- [Task directions] Your task is to print all of the data below exactly, with no pictures included.

- [Data extract]

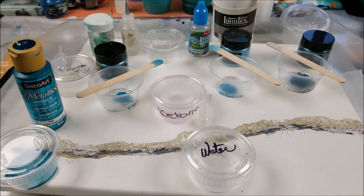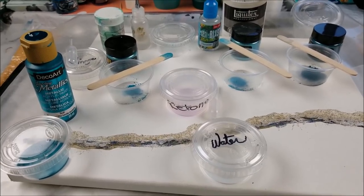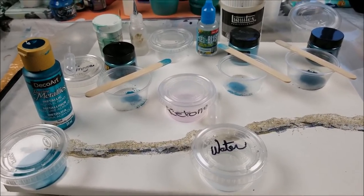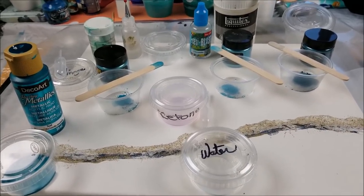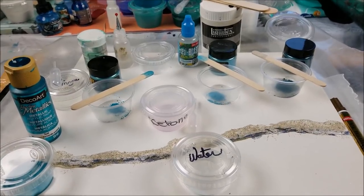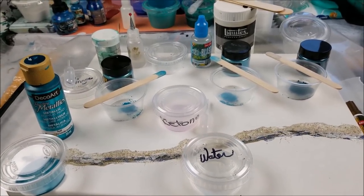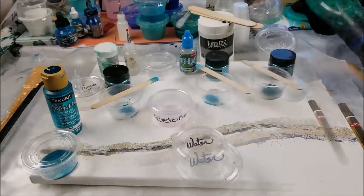You can resin anything once it's dry — a spray-painted piece of artwork, mosaic tile, artwork with ink on it, acrylics, even gold leaf pen, anything at all. As long as it's completely dry, you can put the resin on it to shine up your artwork.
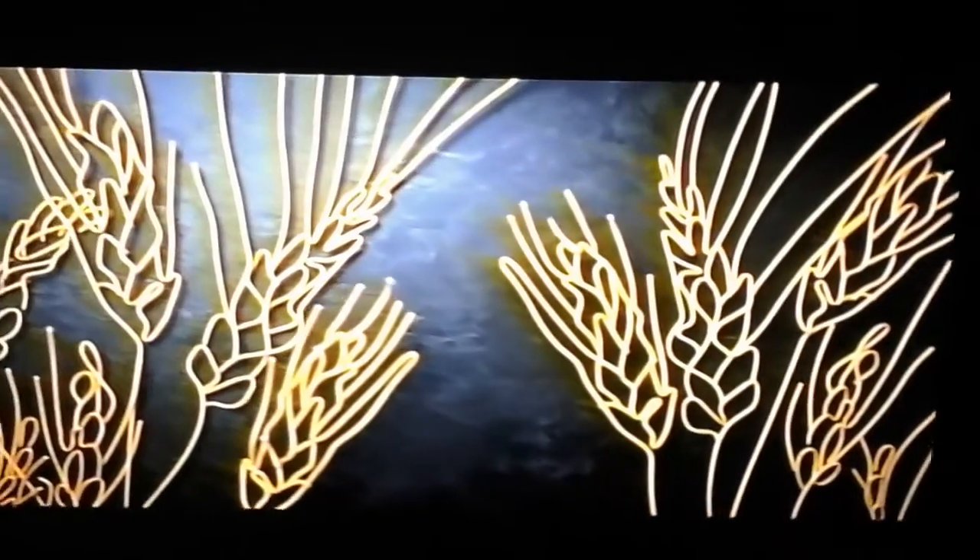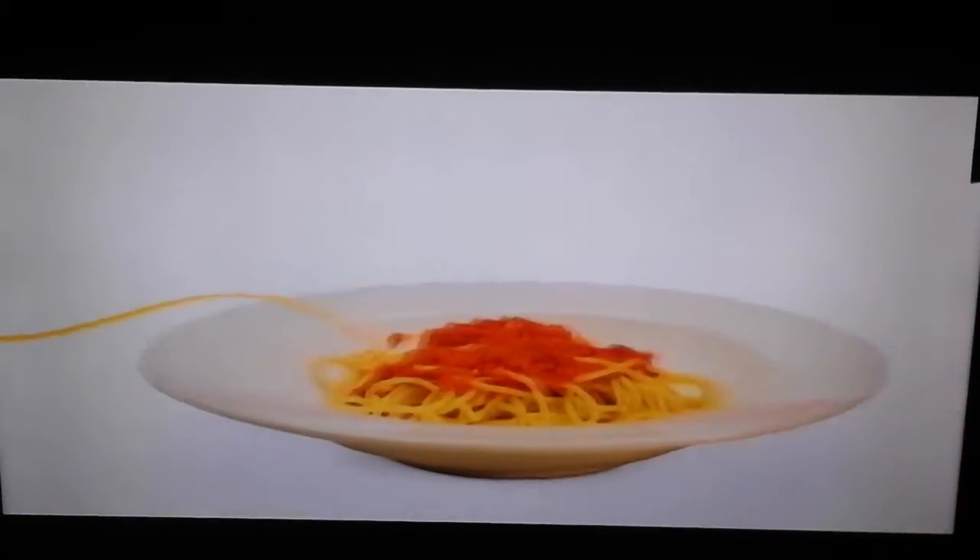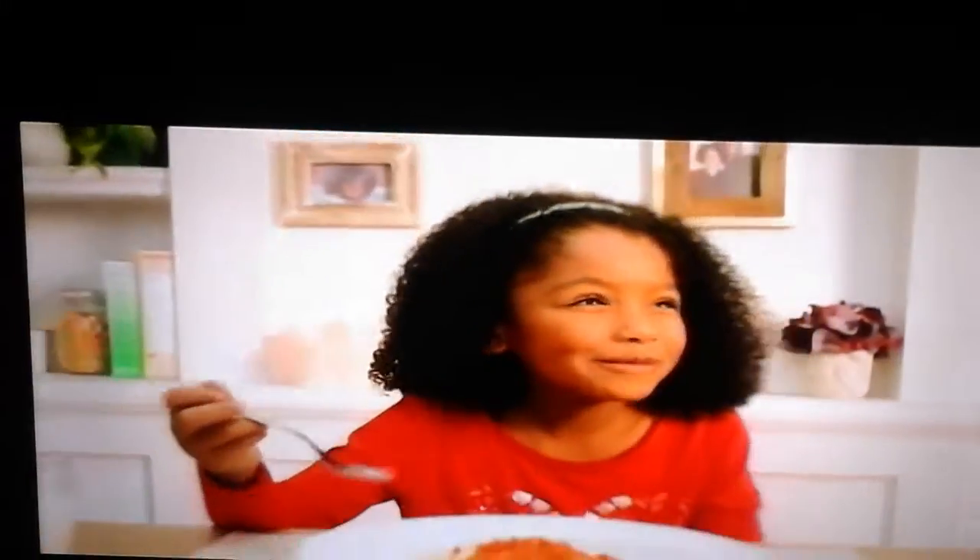What is true American beauty? Our landscapes? Our people? How about our wheat, which is one of the best in the world? American Beauty pasta is made using American wheat, so it can turn a good pasta dish into a spectacular one. How beautiful is that?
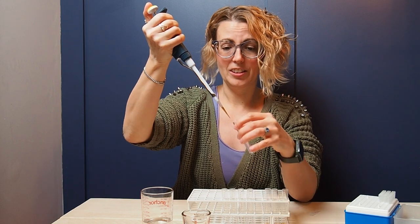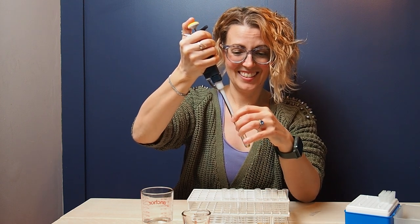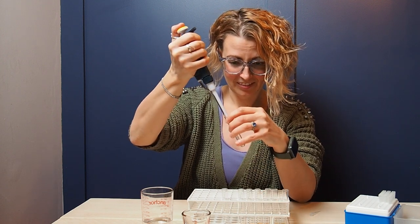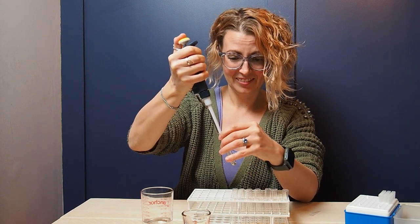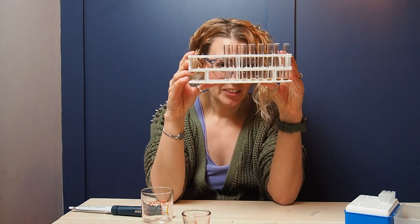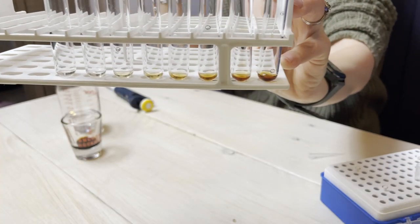All the way down your dilution series, and then your final tip you can just discard. You can see here, from most concentrated to least concentrated, you have a decreasing amount of soy sauce in each tube.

- [Output for this exercise]
You can resin anything once it's dry — a spray-painted piece of artwork, mosaic tile, artwork with ink on it, acrylics, even gold leaf pen, anything at all. As long as it's completely dry, you can put the resin on it to shine up your artwork.
What is true American beauty? Our landscapes? Our people? How about our wheat, which is one of the best in the world? American Beauty pasta is made using American wheat, so it can turn a good pasta dish into a spectacular one. How beautiful is that?
All the way down your dilution series, and then your final tip you can just discard. You can see here, from most concentrated to least concentrated, you have a decreasing amount of soy sauce in each tube.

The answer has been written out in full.